"Rapat tadi itu masih meminta agar dilakukan verifikasi. Dan menyatakan putusan 24 November batal demi hukum," katanya di Gedung Nusantara II, Jakarta, Selasa.
Dia menjelaskan hal itu terjadi karena, orang-orang yang ikut rapat MKD pada Rabu (24/11) tidak memiliki legal standing anggota.
Kedua menurut dia, disebutkan rapat tanggal 24 November itu dinilai tidak memenuhi dua ahli karena tidak cukup menghadirkan ahli bahasa namun juga ahli Hukum Tata Negara.
"Padahal faktanya, kesepakatan rapat mengatakan setelah mendengarkan ahli bahasa maka tidak perlu ahli HTN karena yang dipersoalkan bukan perundang-undangan," ujarnya.
Dia mengatakan hasil rapat sebelum jeda istirahat, tetap meminta untuk melakukan verifikasi dan tidak untuk menyusun jadwal persidangan.

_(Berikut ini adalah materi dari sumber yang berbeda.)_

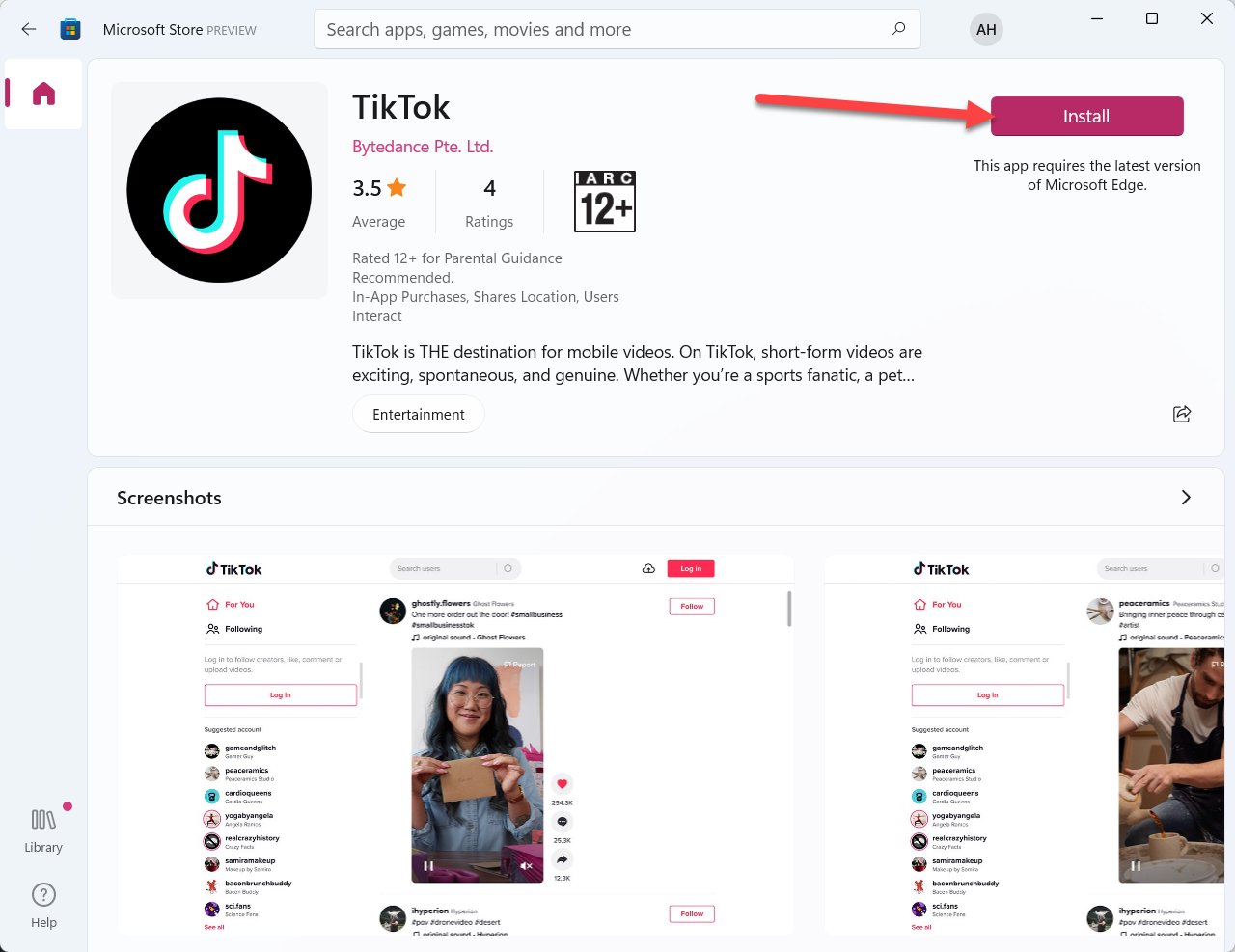 Get TikTok in Windows 11 PC
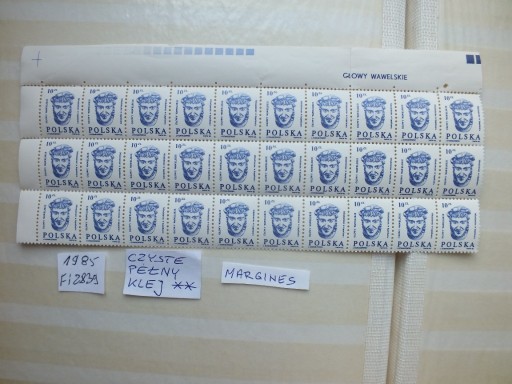 Zdjęcie oferty: 30szt. znaczki 3x pasek 2839 czyste ** Polska 1985 GŁOWY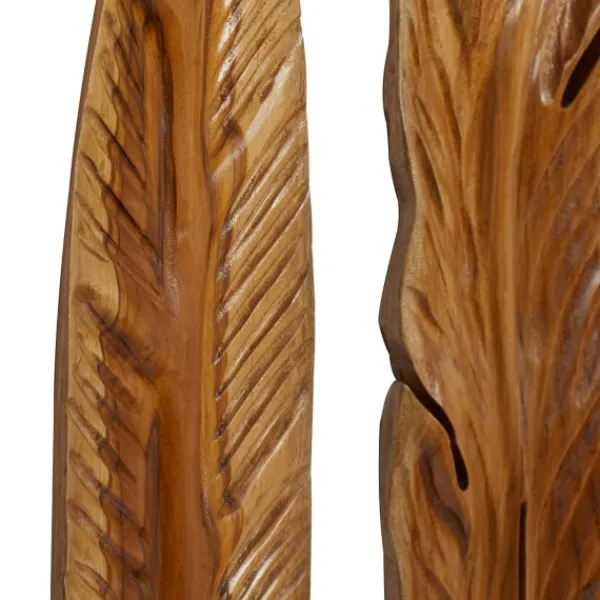 Wall Plaques-Kirkland's Home Gold Teak Carved Feather Wall Plaques, Set Of 3 Brown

Hal itu menurut dia menjadi debat yang tidak selesai sehingga Pimpinan MKD menskors beberapa menit untuk kemudian dilanjutkan kembali.
"Tadi ada masukan dari salah satu anggota agar di(lakukan) voting saja mengenai hal tersebut," katanya.
Namun politikus PDIP itu menilai tidak perlu voting karena meskipun mekanisme itu diatur dalam tatib namun MKD lebih menjalankan sistem mufakat.
Dia menilai putusan Rapat MKD pada Rabu (24/11) harus dijalankan sehingga tidak perlu voting.
"Kalau voting pilihannya verifikasi barang bukti atau lanjut ke sidang namun saya tidak setuju voting," katanya.
Dia menyarankan agar dilakukan proses klarifikasi dengan mengundang Menteri ESDM Sudirman Said dan Presiden Direktur PT. FI Maroef Sjamsuddin.
Hal itu menurut dia bukan dalam bentuk persidangan namun klarifikasi apa saja sebenarnya bukti yang dimiliki Sudirman Said.
"Rekaman yang beredar di luar selama satu jam lebih namun yang masuk ke MKD tidak sampai 12 menit, itu mau kami klarifikasi," katanya.